Modis BJP hatte bei der Parlamentswahl erstmals seit zehn Jahren die absolute Mehrheit verloren und war daher auf Koalitionspartner angewiesen. Die aus 15 Parteien bestehende Bündnis NDA kommt auf insgesamt 293 Sitze im Parlament und verfügt damit über die nötige Mehrheit für eine Regierungsbildung. In der von der BJP veröffentlichten Erklärung hieß es weiter, die NDA-Koalition werde "Indiens Erbe bewahren" und sich für die "umfassende Entwicklung des Landes" einsetzen.

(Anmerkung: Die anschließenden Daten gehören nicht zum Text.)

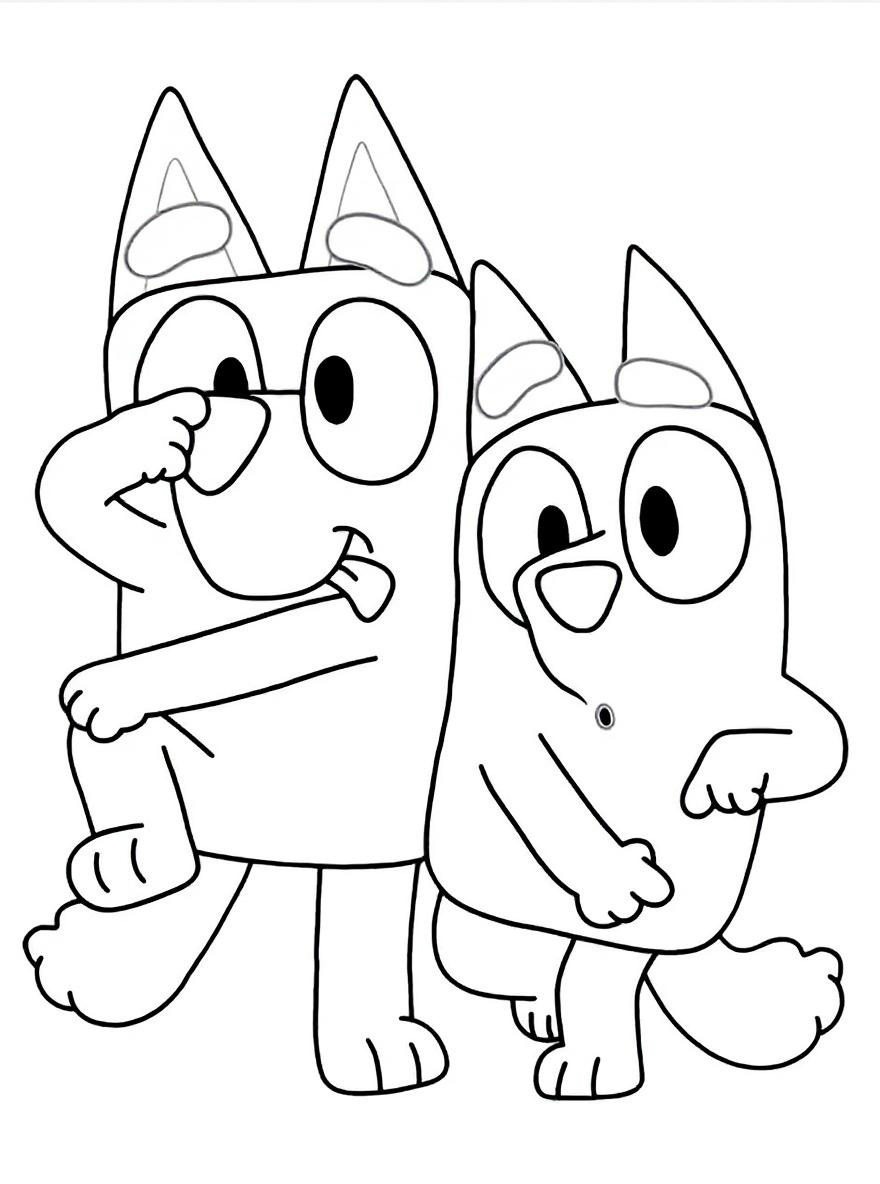 Bluey and Bingo playing coloring page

Die sechswöchige Parlamentswahl in Indien war am Samstag zu Ende gegangen. Mehr als 968 Millionen Menschen waren zur Stimmabgabe aufgerufen. Modis BJP sicherte sich 240 Parlamentssitze, damit fehlten ihr jedoch 32 für eine absolute Mehrheit. Bei der Wahl 2019 war sie noch auf 303 Sitze gekommen. Die wichtigste Oppositionspartei, die Kongresspartei, konnte ihr Ergebnis im Vergleich zur Wahl vor fünf Jahren fast verdoppeln und erhielt 99 Sitze.

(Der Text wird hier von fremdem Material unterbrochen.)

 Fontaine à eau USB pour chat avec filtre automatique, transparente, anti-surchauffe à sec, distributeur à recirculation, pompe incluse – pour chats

Die USA gratulierten Modi am Mittwoch zum Wahlsieg seiner Koalition. Washington hoffe, mit ihm an einem "freien und offenen" Asien arbeiten zu können, sagte der Sprecher des US-Außenministeriums, Matthew Miller. "Wir freuen uns darauf, unsere Partnerschaft mit der indischen Regierung fortzusetzen, um Wohlstand und Innovation zu fördern, die Klimakrise zu bewältigen und eine freie und offene indo-pazifische Region zu gewährleisten", führte Miller aus.
Auch Bundeskanzler Scholz beglückwünschte Modi zu seinem Wahlsieg. Deutschland und Indien seien seit Jahrzehnten "strategische Partner", betonte Scholz laut einer Mitteilung des Bundesregierung. "Die Zusammenarbeit zur Vertiefung der deutsch-indischen Beziehungen sowie zu internationalen und globalen Themen werden wir erfolgreich fortsetzen", erklärte er.
Der britische Regierungschef Rishi Sunak gratulierte Modi am Mittwoch telefonisch zu seinem Wahlerfolg, wie sein Amtssitz Downing Street mitteilte. Sunak habe Modi zudem "viel Erfolg für seine dritte Amtszeit" gewünscht.
Glückwünsche für den Wahlsieger kamen auch von Kreml-Chef Wladimir Putin. Der russische Präsident habe Modi per Telefon "herzlich zum Erfolg der Bharatiya Janata Party gratuliert", erklärte der Kreml.
Im Vorfeld der Wahl in Indien war mit einem Erdrutschsieg des wegen seiner hindunationalistischen Politik umstrittenen Regierungschefs gerechnet worden. Die BJP verzeichnete aber unerwartete Verluste. Das Regieren dürfte für Modi in dessen dritter Amtszeit deutlich schwieriger werden, sagten Beobachter einen Tag nach Bekanntgabe der Ergebnisse.
"Modi wird dazu gezwungen sein, auf andere zu hören. Wir werden mehr Demokratie und ein gesünderes Parlament sehen", sagte der Autor Nilanajahn Mukhopadhyay, der eine Biografie des Premierministers veröffentlicht hat. "Er wird ein ganz anderer Anführer sein müssen, als er es bisher war."
Auch die Bürgerinnen und Bürger in seinem eigenen Wahlkreis, der für Hindus heiligen Stadt Varanasi, hatten dem 73-Jährigen einen Dämpfer verpasst. Er holte dort 152.300 Stimmen, 2019 waren es noch fast 500.000. Trotzdem kündigte der Modi am Dienstagabend vor Anhängern "große Entscheidungen" für seine kommende Amtszeit an. Das Land werde "ein neues Kapitel der Entwicklung schreiben".
Die Gründe für das schlechtere Abschneiden der Partei sehen Experten vor allem in der Arbeitslosigkeit. Modis Amtszeit war von einem Wirtschaftswunder geprägt. Indien mauserte sich zur am schnellsten wachsenden großen Volkswirtschaft der Welt und ist derzeit die fünftwichtigste Wirtschaftsmacht überhaupt. Besonders in der IT-Industrie wurden viele qualifizierte Arbeitsplätze geschaffen, was die Mittelklasse wachsen ließ.